Skip to main content

Design a URL Shortener

A URL shortener takes a long URL and converts it into a short, unique identifier that redirects to the original link. Services like Bitly and TinyURL handle billions of such redirects daily. On the surface, the problem seems trivial. But designing a system that scales to millions of users, responds with minimal latency, and remains highly available is a classic system design interview question that tests your understanding of distributed systems, database design, and caching.

This article walks through the complete design process, from requirements to a production-ready architecture.
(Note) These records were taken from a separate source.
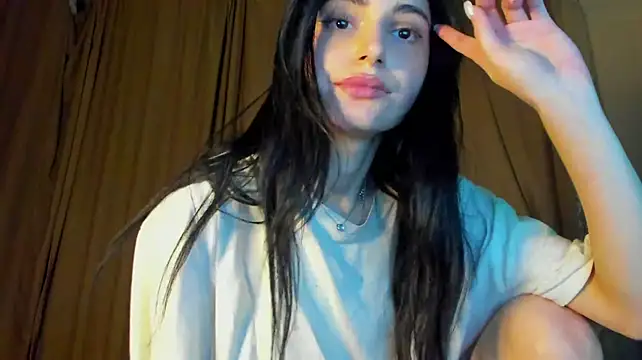 Lesyalisss stripchat live cam model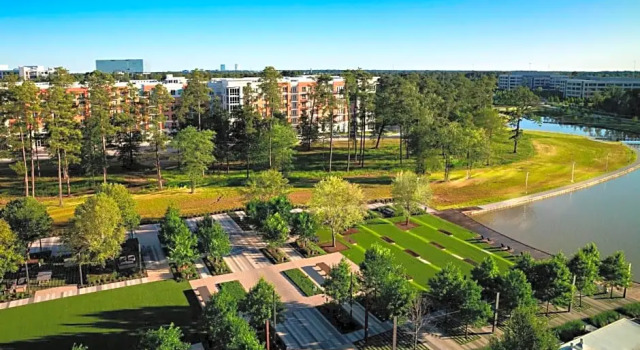 Полулюкс Houston CityPlace Marriott at Springwoods Village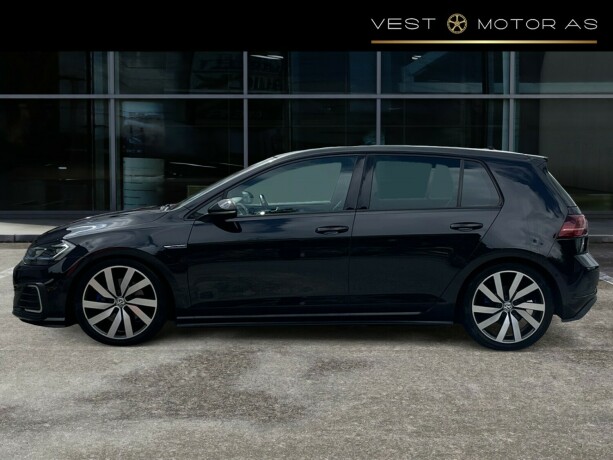 volkswagen-golf-elektrisitetbensin-2018-big-3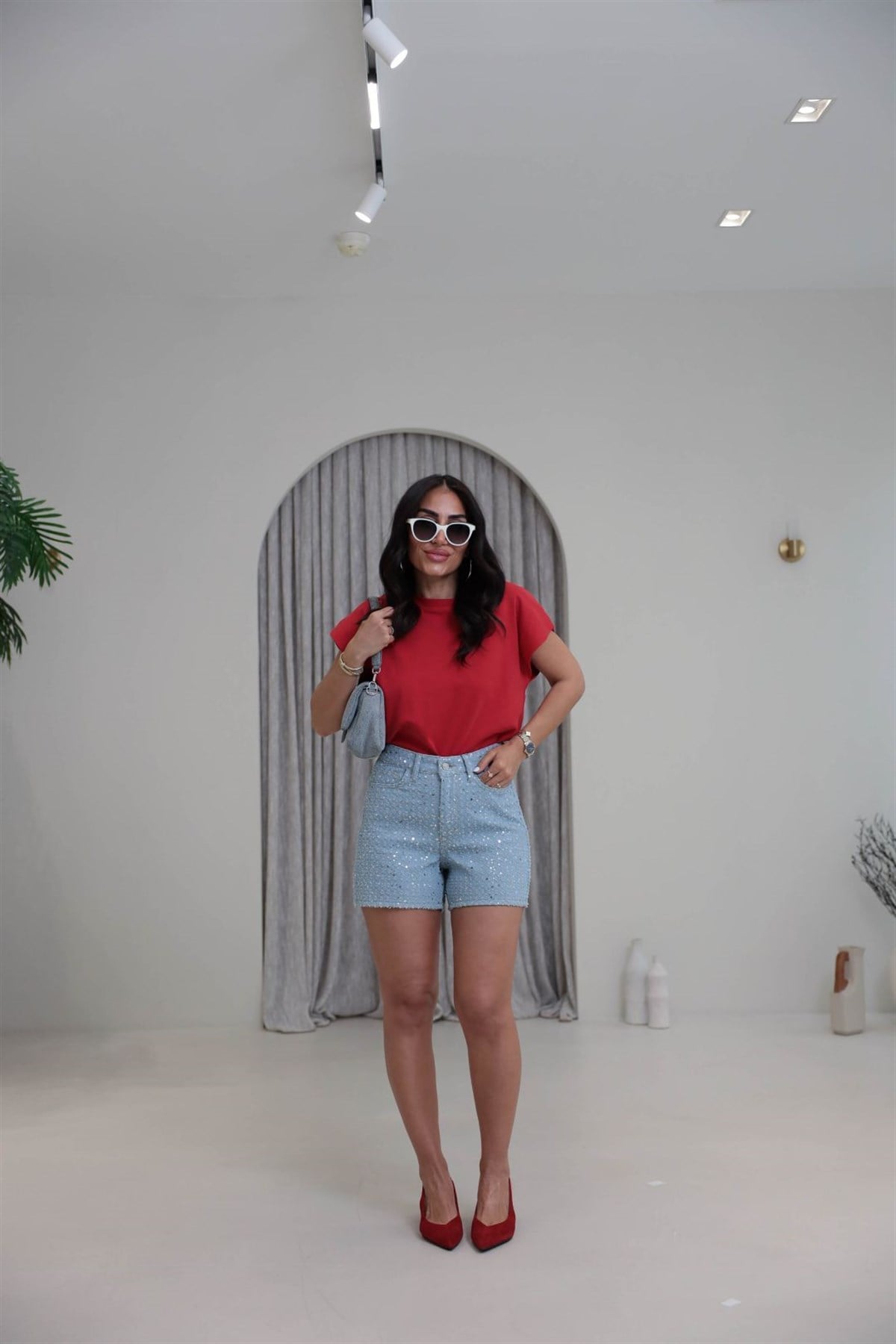 0176  Pul İşlemeli Mini Denim Şort AÇIK MAVİ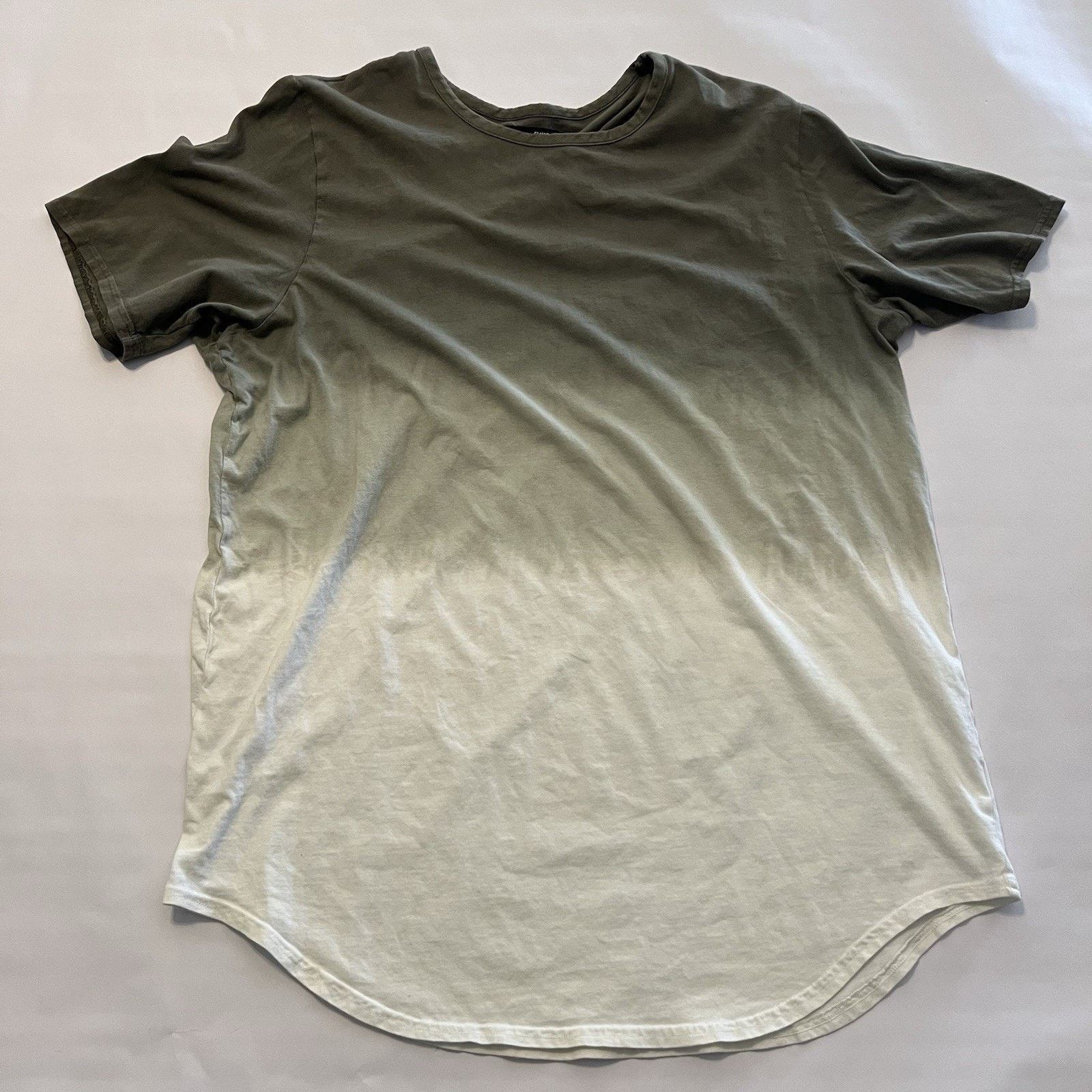 Elwood Elwood Green Short Sleeve T Shirt Mens XL Scallop Curve Hem Size US XL / EU 56 / 4 - 1 Thumbnail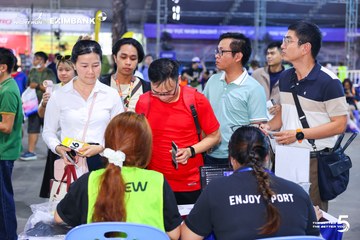 Photo HO CHI MINH CITY NIGHT RUN EXIMBANK 2026 - 2f838538f4f8f17ca78e3eb3c5b827c1.jpg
Step 1: Requirements Clarification

Before drawing any architecture diagrams, clarify what the system should do and under what constraints.

Functional Requirements

  • Shorten a long URL – Users provide a long URL and receive a short, unique identifier.
  • Redirect to the original URL – When anyone accesses the short URL, they are redirected to the original long URL.
  • Track click analytics (optional) – Count clicks, capture referrers, and record geographic data.
  • Custom alias (optional) – Allow users to specify their own short identifier.
  • Expiration (optional) – Links may expire after a configurable time.

Non-Functional Requirements

  • High availability – Links must resolve. If the service is down, every shortened link is broken.
  • Low latency redirects – Redirection should feel instant. Target under 50 milliseconds.
  • Scalability – The system must handle billions of URLs and millions of redirects per second.
  • Fault tolerance – Failures should not break existing links.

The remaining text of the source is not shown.